The Bridgeville Area During the Early Years of Our Country
By John F. Oyler
The first event of local significance occurred in 1784 when George Washington came here to inspect 3000 acres of land he owned on Miller’s Run. He was disappointed to learn that fourteen families of squatters had illegally occupied his land, believing that the fact they had built homes there and improved the land took precedence over the claims of an absentee landlord.
Washington met with the squatters at the home of their leader, David Reed, and offered them the opportunity to rent or purchase the land from him, at what he considered reasonable terms. They rejected his offer and took the issue to court. Eventually Pennsylvania’s highest court upheld his claim; the squatters “pulled up stakes” and moved elsewhere. Incidentally, David Reed was captain of the Rangers company in which Christian Lesnett served.

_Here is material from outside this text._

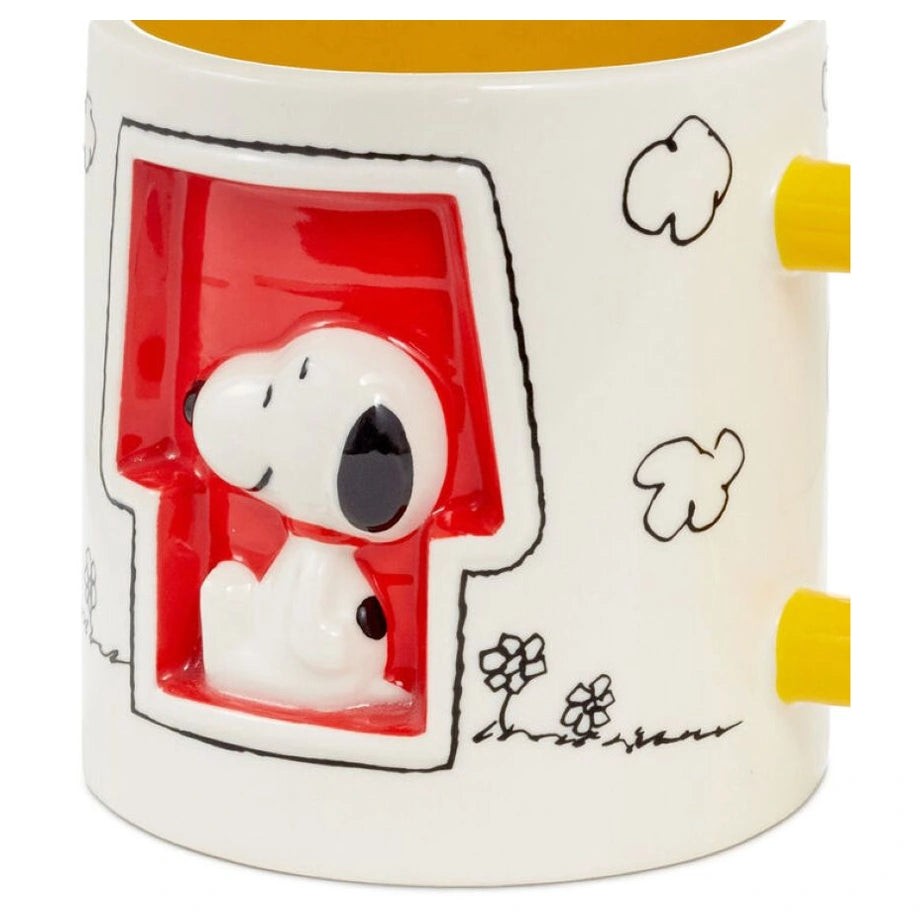 Hallmark Peanuts Snoopy Doghouse Sculpted Mug, (14.5 oz)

Christian Lesnett had prospered. The 1783 tax rolls for Cecil Township, Washington County, reported that he was the proud owner of 400 acres of land, six horses, four cows, and five sheep. In 1787 his daughter Sophia married William Rowley.

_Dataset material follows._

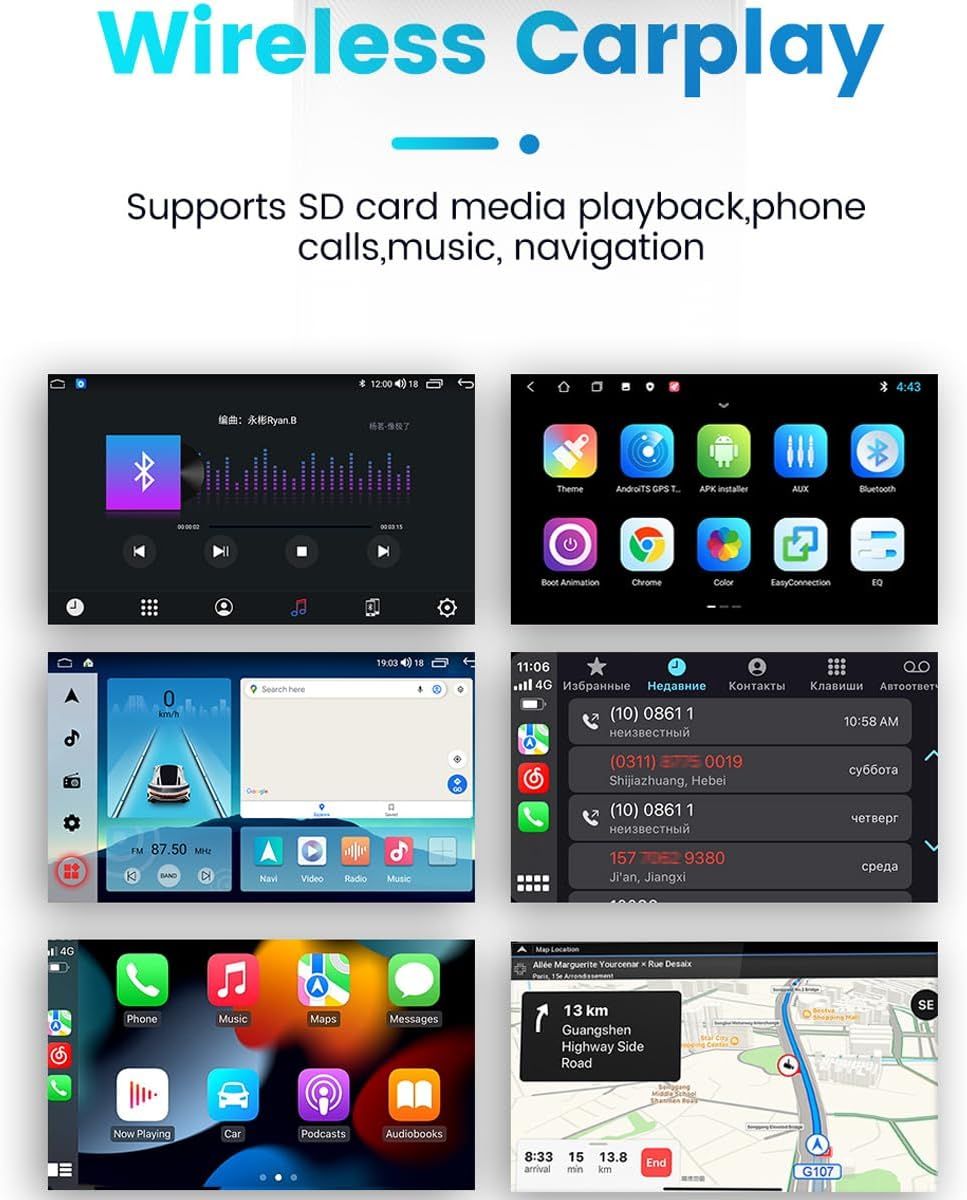 Wireless Carplay Adapter, Wireless Carplay Android Auto AI Box with Netflix-Youtube Multimedia Video Player, Mirroring Wireless Dongle Adapter Suitable for Factory Cars with Wired Carplay image number 3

His son, Frederick, had an exciting adventure in the early 1790s. He and a group of friends purchased a large quantity of flour at Canon’s Mill, built a modest keelboat to transport it, and set off down Chartiers Creek with their ultimate objective being selling the flour at a nice profit in New Orleans. With some effort, they got the boat to the Ohio River at McKees Rocks and set off downstream.
Near Wellsburg, West Virginia, they spotted a flock of wild turkeys on the Ohio shore. Frederick set out in a canoe to shoot one; unfortunately a band of Indians was there before him. One of the Indians took a shot at him and wounded him in the calf of one leg. He was able to get back to the boat and be transported to Wheeling, where he left the expedition and returned home. This was a fortunate experience for him, and for all the Lesnetts descended from him; his friends were killed by “Spanish ruffians” in Louisiana and their cargo and boat stolen.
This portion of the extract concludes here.